Si mon voisin de table m'a entendue prononcer cette phrase dans mon téléphone portable hier matin, tout sourire à la terrasse d'un café, il l'a sans doute traduite dans sa tête comme suit. 

Première version, si ledit voisin est bienveillant : "Tiens donc, vendredi cette jolie jeune femme au sourire ravageur - il est lucide, aussi - a, pour une raison que j'ignore, laissé ses volets clos pour paresser langoureusement, lovée au creux de son lit douillet. Etait-elle seule ? Etait-elle accompagnée ? Le mystère demeure. J'adorerais le percer.
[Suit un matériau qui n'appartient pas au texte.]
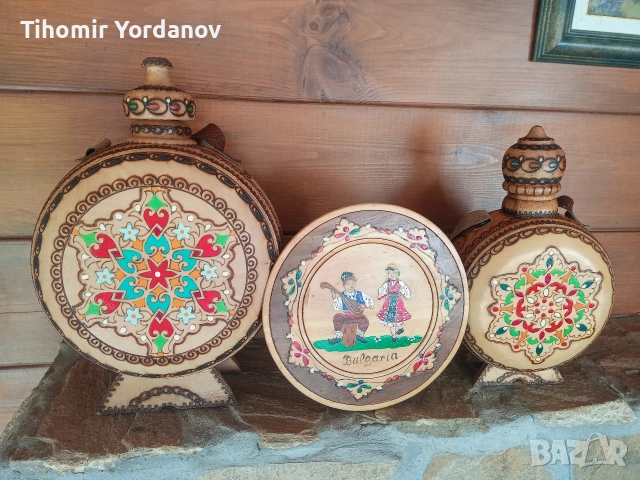 Бъклици ( пирографирани)., снимка 8 - Антикварни и старинни предмети - 55188876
Et si je lui offrais un café ? " 

Deuxième version, si le voisin est parisien : "Ah d'accord, c'te feignasse a encore trouvé un prétexte pour rien foutre et rallonger son week-end. Genre : 'Chef j’peux pas venir bosser j’ai mal au bide et pis j’ai mal au crâne !’ Et qui c'est qui paie pour que cette grosse vache - il est aveugle, aussi - s'étale comme une baleine dans son pieu ? Le contribuable !! Moi quoi ! En plus leur café est dégueulasse ici putain ! Garçon ! " 
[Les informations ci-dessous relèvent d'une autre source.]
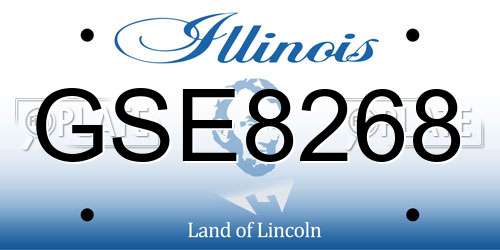 GSE8268 Illinois License Plate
Cher voisin, quelle que soit votre humeur ou votre origine géographique, j'ai le regret de vous informer que vous vous vautrez dans l’erreur. De belle manière. Car cette panne de volets est non seulement survenue bien après mon réveil matinal suivi de mon lever qui ne l’était pas moins, mais elle aurait pu me coûter la vie. 

Je reconnais que j’ai un peu forcé le trait au téléphone. Je n’ai pas eu "personnellement" une panne de volets vendredi. Mon avion, si. Un Robin HR 200, dans lequel j’étais assise à la place du pilote - que je ne suis pas, loin s’en faut - et aux côtés de mon instructeur, aussi bienveillant qu’il est parisien. Comme quoi...

Arrêtés au point fixe, nous procédions aux ultimes vérifications d’avant décollage : commandes/magnétos/mixture/réchauffe carbu/ compensateur/directionnel bref, tout était OK. Point suivant : les volets. Ils doivent être inclinés à 10 degrés au moment du décollage. Je vous épargne les explications techniques, mais s’ils ne sont pas à 10°, la machine ne peut pas décoller, encore moins voler. Pour un avion, ça la fiche mal. Malgré nos multiples tentatives sur le loquet commandant les volets, ceux-ci sont restés immobiles à nous narguer, bloqués fermement sur leur position, qui n’était pas celle désirée.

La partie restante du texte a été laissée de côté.